People will perform better during job interviews, presentations, and exams if they can easily think back to times when they felt powerful. That’s according to new research by Joris Lammers of the University of Cologne in Germany; David Dubois of INSEAD in Fontainebleau, France; Derek D. Rucker of Northwestern University in Evanston, Illinois; and Adam D. Galinsky of Columbia University in New York City.
According to Galinsky, merely remembering “a past episode of power can significantly transform thinking, feeling, and behaviors across social situations—and yield significant social advantages like greater optimism, persuasive abilities, and eventually even land you a job.” Past research has shown that those with a sense of high power are more confident, better able to hold on to resources, and more likely to oppose the greater good for their own gain.
The authors tested whether a change in the ease of recalling a high-power experience would moderate these consequences in experiments in which people were asked to remember episodes of powerfulness or powerlessness. In addition, the researchers measured subjects’ responses toward consequences of power, such as greater confidence or likelihood to disobey orders.

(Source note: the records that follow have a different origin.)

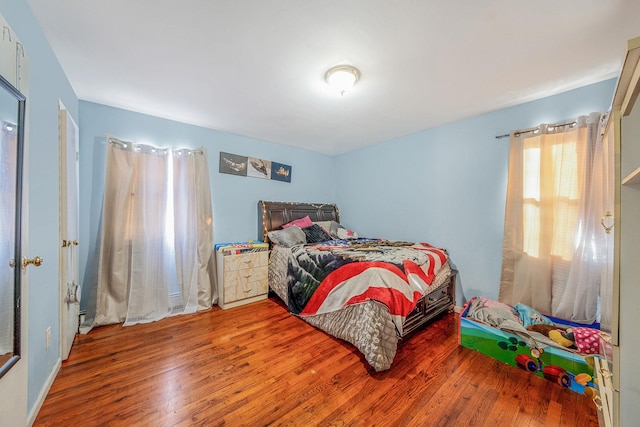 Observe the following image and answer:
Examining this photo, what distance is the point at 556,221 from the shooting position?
2162 mm

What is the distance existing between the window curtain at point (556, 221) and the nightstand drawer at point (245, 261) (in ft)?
9.75

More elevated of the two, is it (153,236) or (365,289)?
(153,236)

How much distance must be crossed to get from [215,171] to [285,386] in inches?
112

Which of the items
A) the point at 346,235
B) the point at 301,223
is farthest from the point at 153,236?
the point at 346,235

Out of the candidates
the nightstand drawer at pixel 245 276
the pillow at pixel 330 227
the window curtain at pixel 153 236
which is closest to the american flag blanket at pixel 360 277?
the nightstand drawer at pixel 245 276

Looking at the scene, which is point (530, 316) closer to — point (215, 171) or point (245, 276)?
point (245, 276)

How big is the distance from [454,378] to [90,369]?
115 inches

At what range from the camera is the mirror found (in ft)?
3.03

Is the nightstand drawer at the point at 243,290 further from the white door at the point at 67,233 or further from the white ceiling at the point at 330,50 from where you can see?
the white ceiling at the point at 330,50

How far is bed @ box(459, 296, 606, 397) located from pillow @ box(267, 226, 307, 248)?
2203 mm

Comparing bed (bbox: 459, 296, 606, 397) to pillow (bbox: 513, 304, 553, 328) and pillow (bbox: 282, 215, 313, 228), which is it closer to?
pillow (bbox: 513, 304, 553, 328)

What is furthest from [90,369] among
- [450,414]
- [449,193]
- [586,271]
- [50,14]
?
[586,271]

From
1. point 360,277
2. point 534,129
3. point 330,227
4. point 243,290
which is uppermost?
point 534,129

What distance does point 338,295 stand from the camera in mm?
2227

In one experiment, participants in the high-power condition reported being more likely to exceed the speed limit when running late than those in the low-power condition—but only when they could retrieve memories of powerful experiences.
“Difficulty in remembering an episode of power may either be chronic or situational,” says Galinksy. For example, people from low socioeconomic backgrounds might find it difficult to recall a power-related memory.
Organizations that want to boost employees’ confidence could look for ways for them to feel powerful, the researchers suggest, such as involving workers in activities that give them opportunities to realize they control their own destinies and resources.
“Ease of Retrieval Moderates the Effects of Power: Implications for the Replicability of Power Recall Effects” was published in the February 2017 issue of Social Cognition.